• **Exercise details**
Set down each entry exactly as given; pictures should not appear in the copy.

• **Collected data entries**
[Start of Attachment]

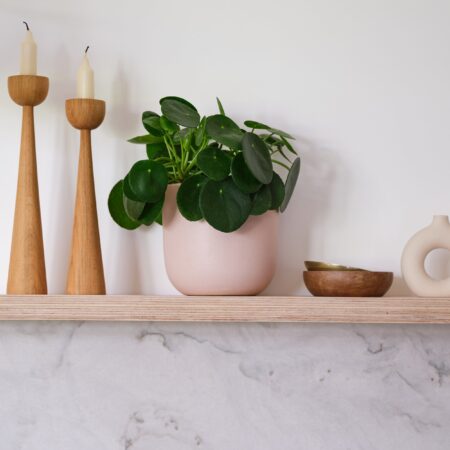 Chinese Money House Plant in Earthenware Pot Earthenware Pink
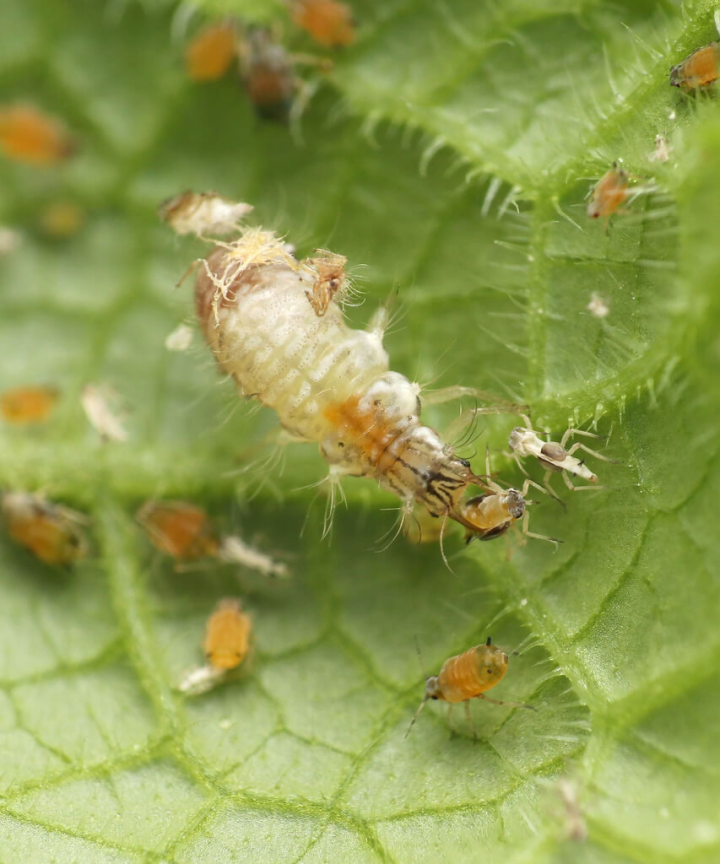 行政院農委會農業試驗所表示，草蛉是多種小型害蟲的重要天敵，一隻草蛉幼蟲每天能捕食近百隻粉蝨若蟲及蚜蟲，整個幼蟲期可獵食近千隻介殼蟲等小型害蟲與蟎類，是防治最佳利器。（農試所提供）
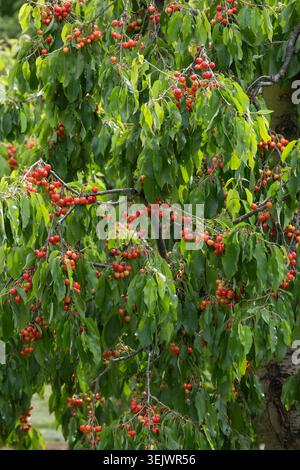 Cerises rouges mûres poussant sur un cerisier parmi les feuilles vertes en été. Banque D'Images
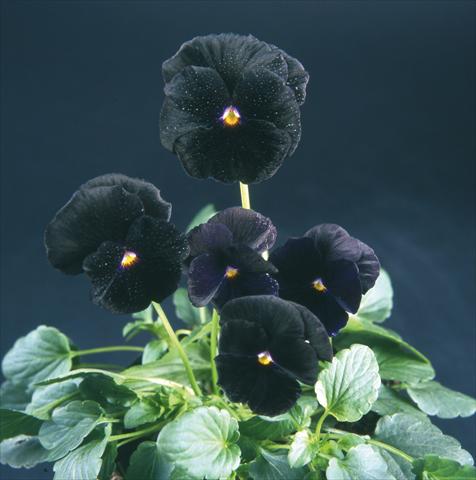 photo of flower to be used as: Pot and bedding Viola wittrockiana Pandora Violet Black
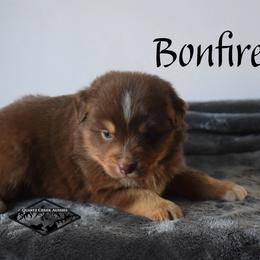 Bonfire - Red tri male Miniature Australian Shepherd puppy in Cody, Wyoming from Quartz Creek Aussies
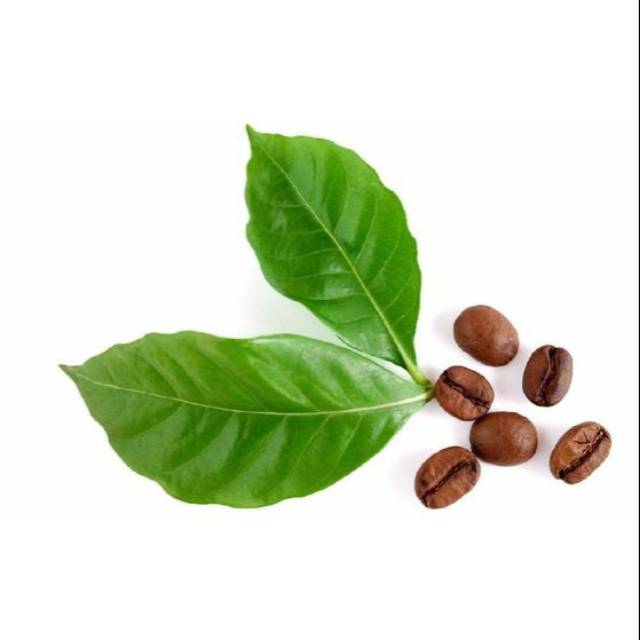 

Readyy Daun kopi segar alami netto 100gram siap petik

[End of Attachment]

• **Solved problem**
 Chinese Money House Plant in Earthenware Pot Earthenware Pink
 行政院農委會農業試驗所表示，草蛉是多種小型害蟲的重要天敵，一隻草蛉幼蟲每天能捕食近百隻粉蝨若蟲及蚜蟲，整個幼蟲期可獵食近千隻介殼蟲等小型害蟲與蟎類，是防治最佳利器。（農試所提供）
 Cerises rouges mûres poussant sur un cerisier parmi les feuilles vertes en été. Banque D'Images
 photo of flower to be used as: Pot and bedding Viola wittrockiana Pandora Violet Black
 Bonfire - Red tri male Miniature Australian Shepherd puppy in Cody, Wyoming from Quartz Creek Aussies

Readyy Daun kopi segar alami netto 100gram siap petik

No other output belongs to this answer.